• [EXTRACTED DATA]:

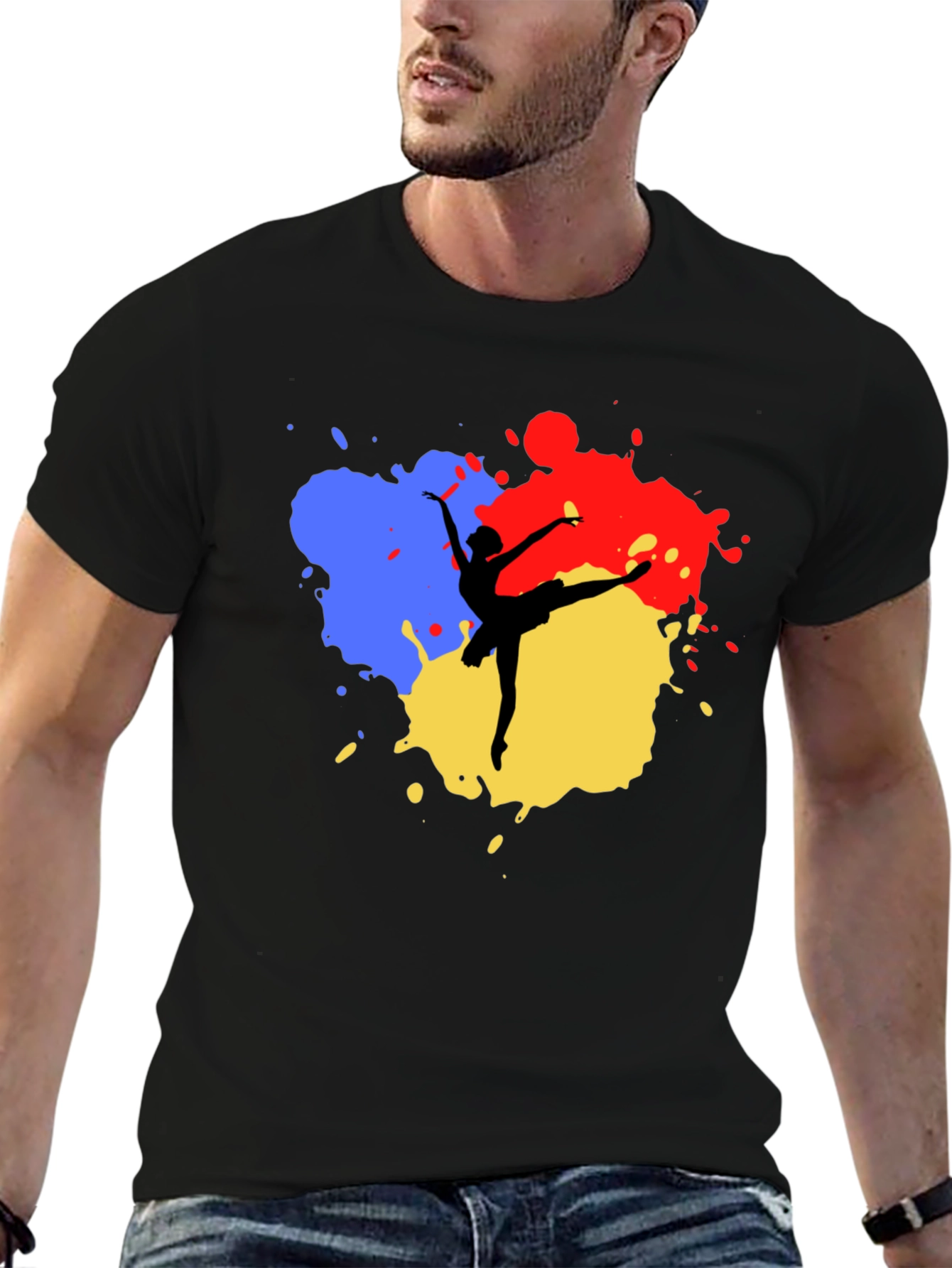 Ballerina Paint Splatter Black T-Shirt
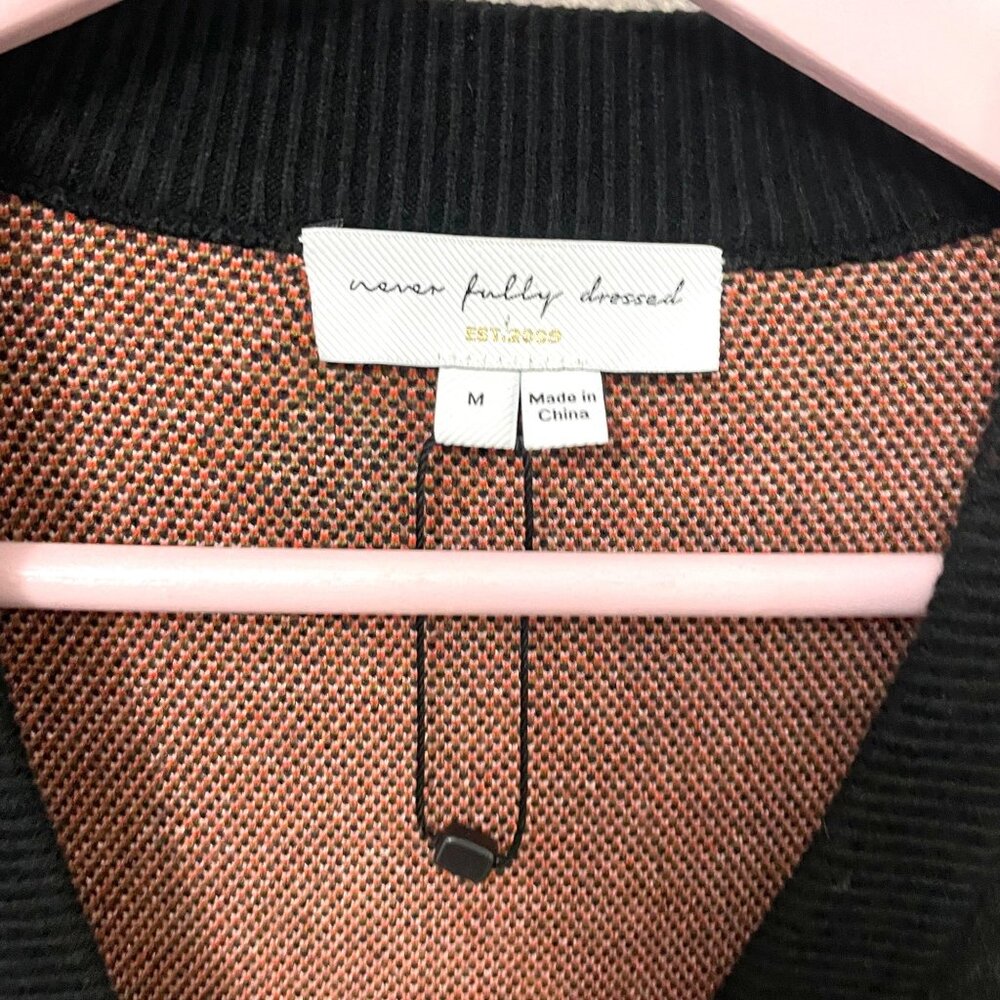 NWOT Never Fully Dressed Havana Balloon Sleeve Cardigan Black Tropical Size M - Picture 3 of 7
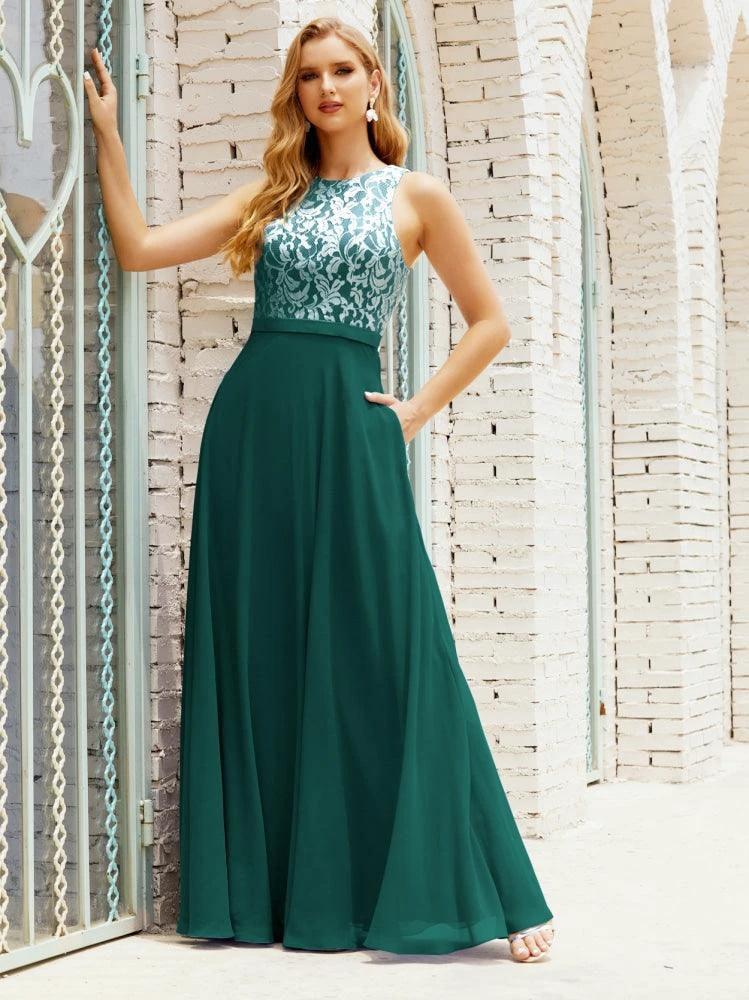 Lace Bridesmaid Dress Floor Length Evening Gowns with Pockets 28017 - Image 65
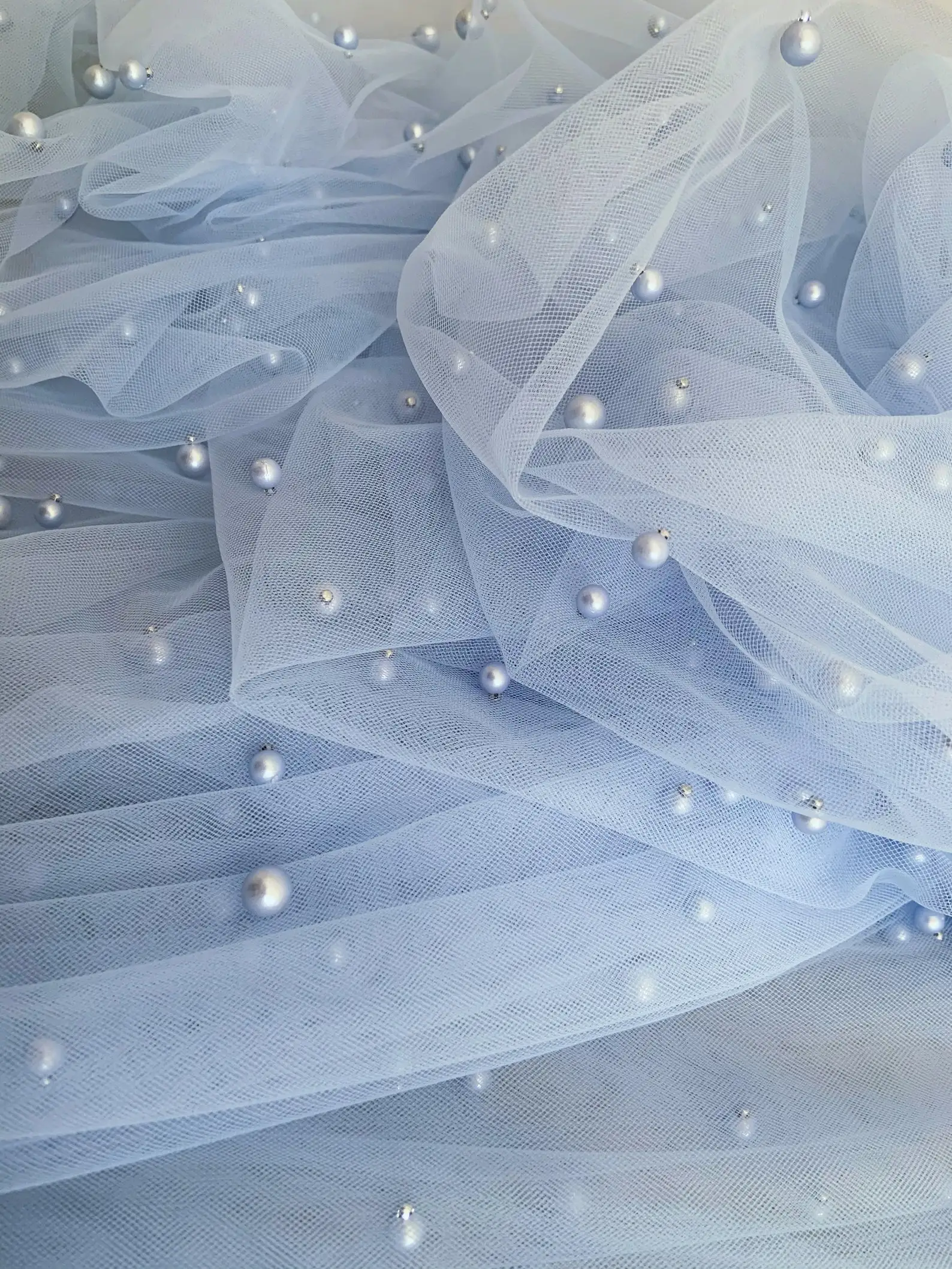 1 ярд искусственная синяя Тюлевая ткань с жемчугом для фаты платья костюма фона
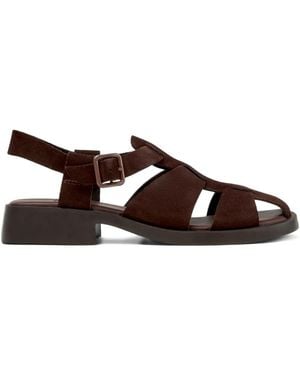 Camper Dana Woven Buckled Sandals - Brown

• [EXERCISE]: Your copy should hold every record word for word and none of the pictures.

• [EXERCISE SOLUTION]:
 Ballerina Paint Splatter Black T-Shirt
 NWOT Never Fully Dressed Havana Balloon Sleeve Cardigan Black Tropical Size M - Picture 3 of 7
 Lace Bridesmaid Dress Floor Length Evening Gowns with Pockets 28017 - Image 65
 1 ярд искусственная синяя Тюлевая ткань с жемчугом для фаты платья костюма фона
 Camper Dana Woven Buckled Sandals - Brown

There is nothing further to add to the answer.